Avaliação laboratorial

O teste de gravidez urinário ou sérico hCG (gonadotrofina coriônica humana) deve ser realizado se houver possibilidade de gravidez.

Deve ser realizado hemograma completo para detectar anemia em gestantes com sangramento vaginal intenso. Deve-se considerar a necessidade de profilaxia com imunoglobulina Rho (D). A tipagem sanguínea para grupo RH materna deve ser verificado, se ainda não for conhecido. O teste de Kleihauer-Betke determina o tamanho e a presença de hemorragia feto-materna.

O hormônio luteinizante sérico, o hormônio folículo-estimulante, o estrogênio e o perfil de androgênios devem ser medidos em casos de suspeita de puberdade precoce.

As mulheres com cervicite ou vaginite devem ser submetidas a exames de infecções sexualmente transmissíveis.[15]​​ Isso deve incluir testes de amplificação de ácidos nucleicos para Chlamydia trachomatis e Neisseria gonorrhoeae, testes rápidos para Trichomonas vaginalis, exame de câmara úmida e coloração de Gram de secreção cervical, teste do Venereal Disease Research Laboratory (VDRL) plasmático ou teste de reagina plasmática rápida (RPR) para rastreamento de sífilis, e rastreamento de HIV, hepatite B e hepatite C. O teste do pH vaginal é útil para distinguir entre vaginose bacteriana (pH >4.5) e vaginite por cândida (pH ≤4.5)

Colposcopia

A colposcopia fornece uma visão ampliada do colo uterino e dos tecidos da vagina e vulva. Lesões pré-malignas e malignas com características específicas visíveis na colposcopia podem, portanto, ser detectadas nessas áreas (por exemplo, vascularidade anormal, alteração branca com ácido acético e lesões exofíticas são os principais critérios diagnósticos para o câncer cervical).

A colposcopia permite que o médico realize biópsias para o exame histológico. As mulheres que apresentarem episódios persistentes ou recorrentes de sangramento pós-coital devem ser encaminhadas a um ginecologista para a colposcopia.

Exames por imagem

A ultrassonografia pélvica transvaginal ou transabdominal é a investigação de primeira linha para a maioria das mulheres que requer exame de imagem.[29][64][65] É indicado para suspeita de aborto espontâneo, gravidez ectópica, descolamento prematuro da placenta, placenta prévia, câncer de ovário, câncer de endométrio e puberdade precoce.

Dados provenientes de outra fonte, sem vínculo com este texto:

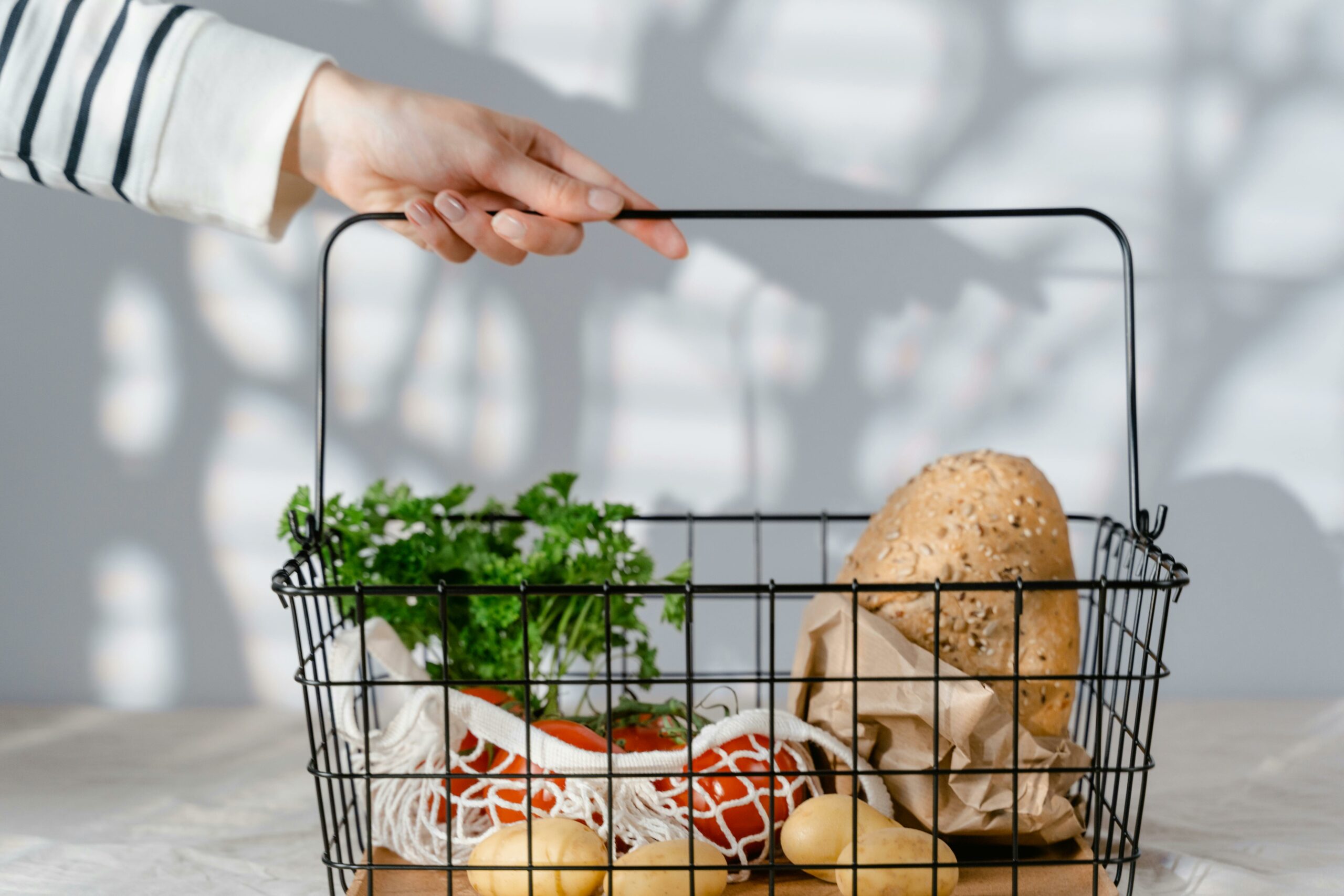 A hand holding a metal basket filled with eco-friendly groceries like bread, vegetables, and parsley.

Em mulheres com sangramento pós-menopausa, um espessamento endometrial de 4 mm ou menos tem um valor preditivo negativo acima de 99% para descartar câncer de endométrio.[66]

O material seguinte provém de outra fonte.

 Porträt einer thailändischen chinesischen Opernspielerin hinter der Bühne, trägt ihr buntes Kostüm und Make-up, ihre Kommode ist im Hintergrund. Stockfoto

Se houver suspeita de câncer de ovário ou cervical, a TC pélvica ou abdominal pode avaliar se a doença está avançada.

A RNM pode avaliar a extensão da invasão miometrial em pacientes com placenta prévia e câncer de endométrio.[35]

Biópsia

A biópsia do endométrio é realizada para diagnosticar neoplasia intraepitelial endometrial e câncer de endométrio.[67]​ A maioria das mulheres que apresenta sangramento vaginal após a menopausa será submetida a uma biópsia endometrial, particularmente quando a ultrassonografia sugerir o espessamento do endométrio, fatores de risco para neoplasia estiverem presentes e/ou quando o sangramento for recorrente na ausência de história de terapia hormonal.

A biópsia cervical deve ser realizada se houver suspeita de câncer cervical.

No câncer de ovário, a biópsia avalia o risco de derramamento de células de câncer, portanto a extirpação cirúrgica do ovário afetado ou a paracentese ou toracocentese do fluido peritoneal/pleural geralmente é necessária.[68]